He Seeks To Address Likely Campaign Issue

Seeking to defuse a potential campaign bombshell, acting Orleans Parish
Criminal Sheriff William Bill Hunter confirmed Friday he was arrested for
cocaine possession in 1977.

Hunter, who was a Marine infantryman in the Vietnam War, said the
lapse resulted from the confusion and post-traumatic stress that
enveloped him upon his return to civilian life.

I allowed myself to be in bad company although I did not personally
use drugs, he said. I found myself in a situation where the police
could suspect that I was involved. It was a terrible experience.

He pleaded guilty to the charge, but the Louisiana Supreme Court
eventually reversed the plea and the case was dropped. The incident
arose after two police officers stopped Hunter and one of them
allegedly felt in his pocket a small vial and a miniature spoon,
common accouterments of cocaine use, according to court records.
However, neither the vial nor the spoon were ever introduced at an
evidentiary hearing, the Supreme Court noted in tossing out the case.

Hunter said he has never used cocaine but chose to acknowledge the
incident now rather than scramble to answer charges about the matter
later, and hold to his pledge to run a transparent sheriff's office
and jail. I had valid information from someone I trust that either the
media or one of my opponents had this information and if I didn't get
out ahead of it, it would be worse for me, Hunter said. I can't change
history; it happened, and I have to deal with it.

His announcement overshadowed other developments in the race to
succeed Charles Foti as the city's criminal sheriff, a campaign whose
crowded field has shone a spotlight on some fractures in New Orleans'
political establishment.

For example, five City Council members joined their colleague, Marlin
Gusman, at a press conference Friday to announce their support of
Gusman's bid for the sheriff's star. Their endorsement came less than
a day after Mayor Ray Nagin endorsed another candidate, former Deputy
Police Chief Warren Riley, and set off speculation about what kind of
blow the citywide sheriff election Sept. 18 will deliver to the
working relationship between the administration and the council.

Council President Eddie Sapir denied there was any confrontation
between the executive and legislative arms of City Hall, but he took a
sarcastic swipe or two at the value of Nagin's political coin, when
asked about the divergent endorsements.

You'd like to have every endorsement in any race, but of course if
Nagin hadn't endorsed that kid on 'American Idol' he might have been
the champion, he said. Sapir's jest referred to Nagin publicly
throwing his support behind local singer George Huff in the popular
television show this year. Gusman sidestepped the political
undercurrents. He said his tenure as chief administrative officer in
Marc Morial's regime gives him valuable crime-fighting experience. On
Friday and in other forums, Gusman trumpeted his key role in helping
to reform the New Orleans Police Department and reduce the city's
stratospheric murder rate in the mid-1990s. I feel compelled to step
up because I believe the city of New Orleans is facing a crisis,
Gusman said, citing resurgent crime statistics. I'm going to be a
great partner to the NOPD and we're going to do a lot together. But
the lone council member missing from Gusman's event, Oliver Thomas,
suggested Gusman lacks the necessary experience. Echoing Nagin's
comments that an unreleased poll shows the public wants a professional
crimefighter as sheriff, Thomas said he is leaning toward Riley,
Hunter or school district security chief Ira Thomas.

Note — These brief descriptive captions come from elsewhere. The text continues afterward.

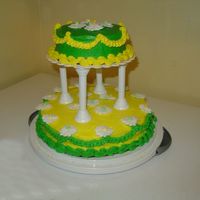 Final Wilton Cake Buttercream icing, and swags, royal icing daisies. Made cake as a going away gift to our babysitter who cared for my girl from six weeks...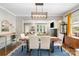 Charming dining room with stylish chandelier and a view into the cozy living area, perfect for gatherings at 624 Oakland Ave, Charlotte, NC 28204
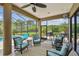 Relaxing screened patio with ceiling fan, comfortable seating, and a view of the pool and lush backyard at 16246 26Th E St, Parrish, FL 34219
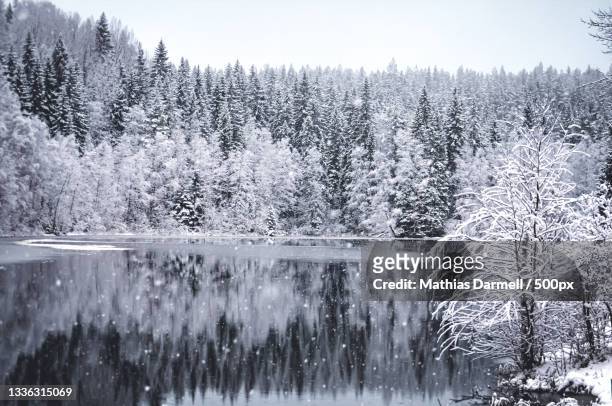 scenic view of frozen lake against sky during winter - darmell bildbanksfoton och bilder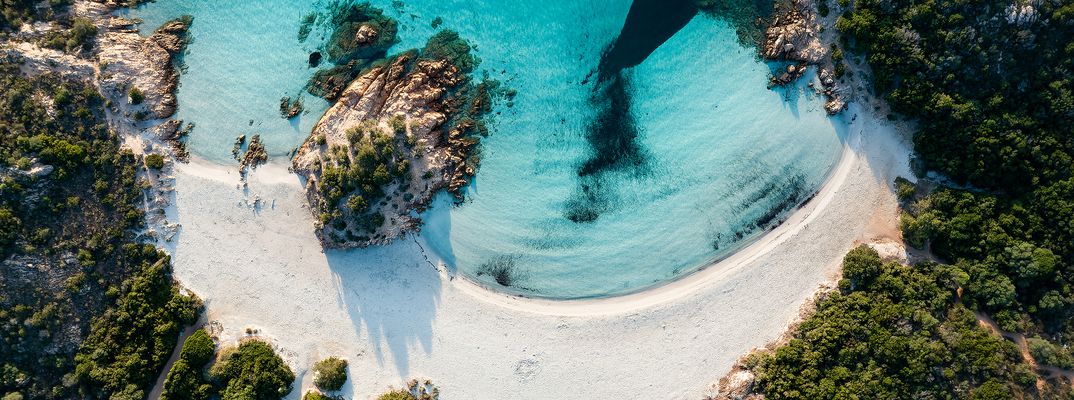 Luftaufnahme von einem Strand auf Sardinien mit weißem Sand und türkisfarbenem Wasser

In addition, Thomas said the group endorsement proffered by his
colleagues smacks of machine politics, and predicted it could backfire
on a public that is increasingly leery. Even so, Thomas is the most
prominent elected member of BOLD, and Gusman is strongly linked to
Morial's LIFE, meaning the two council members are figureheads for New
Orleans' most powerful African-American political organizations.

Meanwhile, not far from where Hunter stood inside Orleans Parish
Prison revealing his past brushes with the law, another candidate, the
Rev. Raymond Brown, stood on the prison's steps outlining what he
would do if chosen to replace Hunter.

Specifically, Brown said the job training programs at the Parish
Prison are a sham, that the practice of holding misdemeanor arrestees
past midnight to take a per diem payment from the city is widespread,
and that the Roman Catholic Church has a stranglehold on ministry
efforts within the jail. Brown insisted he is not trying to pick a
religious fight, and he did not criticize the Catholic efforts.
Rather, he said a committee should be formed that would make more
denominations available to inmates seeking counseling. The other
common-sense, cost-saving steps can be taken immediately, he said.
These are all things that can, and should, be done right now, he said.
The per diem is draining the city's coffers, and all they've got for
job training is really a boot camp.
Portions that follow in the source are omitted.